Number of serial tasks : N
Time for computing gradient in each task: C
Total runtime: N*C
Assume no communication overhead and K << b:
Total runtime: ≈ N * C/K
Linear speed-up in the number of machines K
Communication Overhead S per iteration:
Total runtime: ≈ N * ( C/K + S)
Speed-up: C / ( C/K + S )
Expect S to be larger with increasing number of machines included in the cluster
For epoch mode(orange line), there are two pieces of lines that have a downward trend in speedup. Notice that both cases have the same number of cores, for instance (1 worker&4 cores, 2 worker&2 cores) but they have different number of workers. We initially assume they have similar performance due to the same number of cores, but instead fewer number of workers actually leads to better performance. Our conjecture is that if we include more workers in our training process, these workers need to set up its own spark context and import necessary libraries, which may increase the communication overhead.
The highest training accuracy of our model achieves 70% while the test accuracy achieves 10%. The reason is that since we encounter memory issues that will be elaborated more on the later section, we have to drop a few layers, including dropout layers, in our network to reduce the total number of parameters in the model. Since the master node will record all the parameters and gradient updates, having too complicated models will take up too much memory space and cause the program to halt. Thus, our simplified model with fewer dropout layers cannot effectively prevent overfitting issues, which results in the discrepancy between training and validation datasets. Therefore it would be hard to compare the performance of the model that incorporates distributed learning and the one without.

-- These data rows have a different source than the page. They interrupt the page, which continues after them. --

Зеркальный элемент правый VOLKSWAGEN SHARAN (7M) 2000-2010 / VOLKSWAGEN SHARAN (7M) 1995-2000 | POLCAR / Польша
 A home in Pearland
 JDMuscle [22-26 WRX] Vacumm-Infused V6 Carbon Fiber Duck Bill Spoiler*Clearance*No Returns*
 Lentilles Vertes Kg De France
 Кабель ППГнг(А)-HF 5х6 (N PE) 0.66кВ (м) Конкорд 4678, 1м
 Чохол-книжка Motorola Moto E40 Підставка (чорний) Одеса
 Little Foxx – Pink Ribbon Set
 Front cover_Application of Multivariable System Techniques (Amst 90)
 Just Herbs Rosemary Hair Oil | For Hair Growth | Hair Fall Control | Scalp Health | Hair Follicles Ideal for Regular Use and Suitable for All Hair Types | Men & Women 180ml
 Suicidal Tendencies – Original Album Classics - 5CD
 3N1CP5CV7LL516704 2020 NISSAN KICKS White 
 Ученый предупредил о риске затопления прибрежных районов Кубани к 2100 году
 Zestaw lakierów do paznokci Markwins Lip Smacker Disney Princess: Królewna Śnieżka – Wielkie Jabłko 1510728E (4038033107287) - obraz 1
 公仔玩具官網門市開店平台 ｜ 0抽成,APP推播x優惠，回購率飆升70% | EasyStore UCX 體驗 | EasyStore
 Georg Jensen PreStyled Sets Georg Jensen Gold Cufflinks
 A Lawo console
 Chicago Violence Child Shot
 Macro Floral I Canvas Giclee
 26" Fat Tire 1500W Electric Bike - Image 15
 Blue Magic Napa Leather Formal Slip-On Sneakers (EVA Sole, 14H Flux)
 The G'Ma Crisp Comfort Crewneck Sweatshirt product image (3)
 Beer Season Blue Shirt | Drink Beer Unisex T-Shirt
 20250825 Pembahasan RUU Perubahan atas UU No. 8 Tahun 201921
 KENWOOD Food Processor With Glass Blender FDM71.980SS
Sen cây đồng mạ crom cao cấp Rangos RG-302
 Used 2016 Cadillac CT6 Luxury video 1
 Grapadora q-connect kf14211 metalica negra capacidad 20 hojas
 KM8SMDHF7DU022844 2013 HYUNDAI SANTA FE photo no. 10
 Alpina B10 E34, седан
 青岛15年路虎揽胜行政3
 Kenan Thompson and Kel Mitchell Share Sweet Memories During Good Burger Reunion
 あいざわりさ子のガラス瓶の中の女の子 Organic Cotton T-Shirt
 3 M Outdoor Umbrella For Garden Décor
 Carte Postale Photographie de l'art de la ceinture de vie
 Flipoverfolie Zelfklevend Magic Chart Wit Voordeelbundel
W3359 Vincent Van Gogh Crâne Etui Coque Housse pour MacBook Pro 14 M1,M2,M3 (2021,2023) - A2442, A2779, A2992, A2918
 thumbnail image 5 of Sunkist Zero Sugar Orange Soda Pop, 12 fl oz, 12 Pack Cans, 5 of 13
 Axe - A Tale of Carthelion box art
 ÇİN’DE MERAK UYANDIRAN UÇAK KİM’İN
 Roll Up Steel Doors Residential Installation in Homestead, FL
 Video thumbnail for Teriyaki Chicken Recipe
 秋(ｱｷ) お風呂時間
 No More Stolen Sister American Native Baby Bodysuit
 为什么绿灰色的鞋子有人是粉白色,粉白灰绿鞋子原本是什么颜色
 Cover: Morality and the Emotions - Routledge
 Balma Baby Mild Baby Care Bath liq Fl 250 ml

Due to memory issue in spark cluster, we reduce the entire data down to 10 percent of its size as our training data. For all our experiments, we trained 5 epochs with batch size of 32 and our baseline model takes about 8 hours to train locally with one core. Here is the speed up plot for different infrastructure. We can observe that synchronization on batches has a really poor speed up result and synchronization by epochs performs much better. We think the primary reason is the communication overhead. Batch synchronization need to communicate with master node more frequently. Furthermore, as we choose synchronize training, for each batch all nodes have to wait for each other to finish before doing the synchronization.